Jahrhunderte Gratwanderung zwischen Kirche und Islam

 

Foto: Prigipos Insel

Von Heinz Gstrein

Istanbul. Die jüngsten Drohungen von Präsident Recep Tayyip Erdogan gegen die kleine Schar – knapp 100 000 anstelle von über drei Millionen – der Christen, deren Vorfahren in der Türkei den Genozid in den letzten Jahre unter einem Sultan und der frühen Regierungszeit von Atatürk als verschwindende Minderheit überlebt hatten, richten darüber hinaus die Aufmerksamkeit auf jene türkischen „Geheimchristen“, die sich äußerlich zum Islam bekennen, im Verborgenen jedoch ihren Glauben und soweit es geht christliches Leben bewahren.

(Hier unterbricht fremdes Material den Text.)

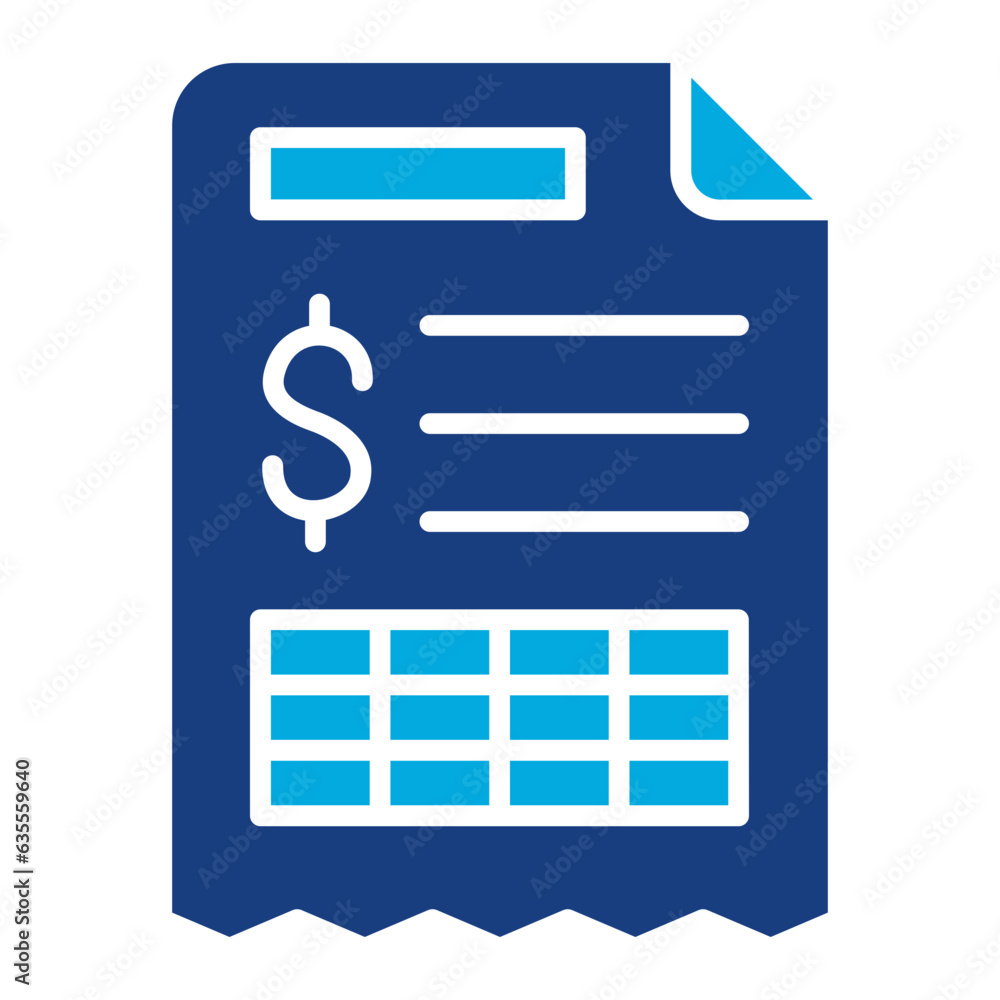 Obraz premium Invoice Icon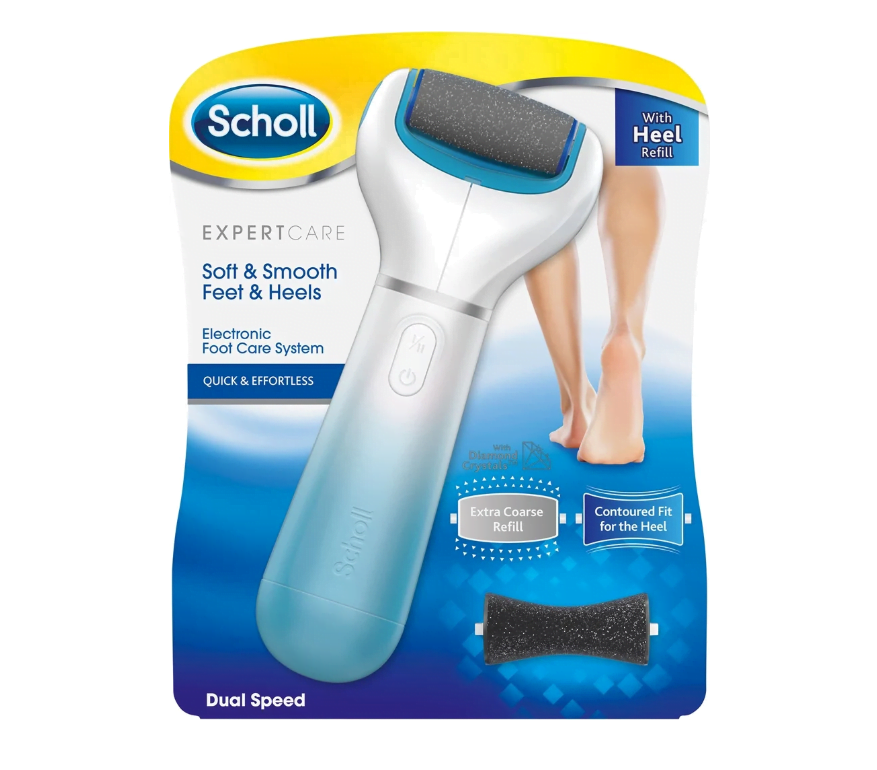 Scholl Velvet Smooth elektronisk fotfil 1 stk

Auch in Deutschland bewusst wurde ihre Existenz in den 1970er und 1980er Jahren, als der spätere Osmanologe der Westmazedonischen Universität in Kozani, Konstantinos Fotiadis, in Tübingen Empirische Kulturwissenschaft studierte. Bei Feldforschungen in der Arbeiterschaft von Baden-Württemberg stieß er zunächst auf von den Inseln Imbros – der Heimat von Patriarch Bartholomaios I. – und Tenedos vertriebene Türkeigriechen, die in die „türkischen“ Gastarbeiterkontingente der Bundesrepublik geschlüpft waren. Vor allem entdeckte er jedoch zahlreiche Türkinnen und Türken aus der Schwarzmeerregion, die untereinander den „pontischen“ Dialekt  des Griechischen Sprachen, im örtlichen türkischen Kultur-, d.h. Moscheeverein organisiert waren, aber zu Hause christliche Bräuche pflegten. Ihr Entschluss nach Deutschland auszuwandern, war nicht nur von der Suche nach besseren Verdienstmöglichkeiten und Lebensbedingungen diktiert, sondern auch aus dem Verlangen nach mehr religiöser Freiheit zustande gekommen.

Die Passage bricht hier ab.